Y, no obstante, esa mentalidad no es el problema, sino el haberla asumido como cierta en sus presupuestos. En la base de todos ellos, está la soledad, la separación, el aislamiento, que alimenta todo nuestro monólogo cotidiano. La soledad no tiene nada que ver con que no haya otros cuerpos a mi lado, sino en la adicción a este monólogo ignorante de la realidad. Aún rodeada de muchas personas, si lo sigo alimentando, me puedo sentir como la más abandonada de las criaturas.
Pero… ¿Y si aprendiéramos a observar ese funcionamiento con total amabilidad y desapego, como quien escucha una antigua grabación que se repite automáticamente? ¿Y si en esa observación constatásemos vivencialmente como nuestro cuerpo se encoge, nuestros tejidos se contraen y nuestra respiración se minimiza al identificarnos con tal monólogo solitario y demente? No puede ser de otra manera, ya que la separación es tan imposible de digerir por nuestro sistema que el malestar está asegurado cuando creemos en ella.
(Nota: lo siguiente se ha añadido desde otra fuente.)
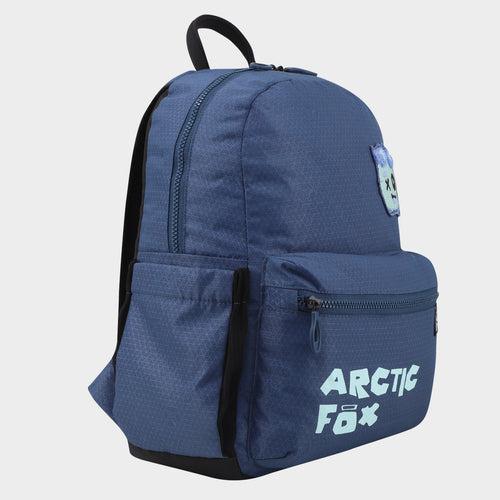 Arctic Fox Puff Dark Denim School Backpack for Boys and Girls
¿Y si, mientras vamos asumiendo esta constatación, naturalmente nos sintiéramos descansar en un espacio más profundo, más amplio, libre de condicionamientos, en el que la soledad es inexistente, ya que todo es unidad? Es como si, en lugar de encerrarnos en las solitarias nubes que pasan, les permitiéramos transitar mientras permanecemos reconociéndonos como el amplio cielo en el que se mueven.
Esa es nuestra libertad, el ejercicio natural de nuestro libre albedrío, que podemos experimentar ante cada pensamiento que nos es propuesto por esa mente de supervivencia ancestral. ¿Los asumimos como ciertos? Si nos encogen y aíslan por dentro, generando soledad… ¿Para qué los queremos?
Y, en su lugar, elegimos descansar como el cielo de la consciencia que observa, permite, siente… de ahí surgirán de forma espontánea pensamientos reales, conectados con la paz, con la unidad que somos, pensamientos de amor, pura creatividad… que nos acompañarán e iluminarán nuestro caminar.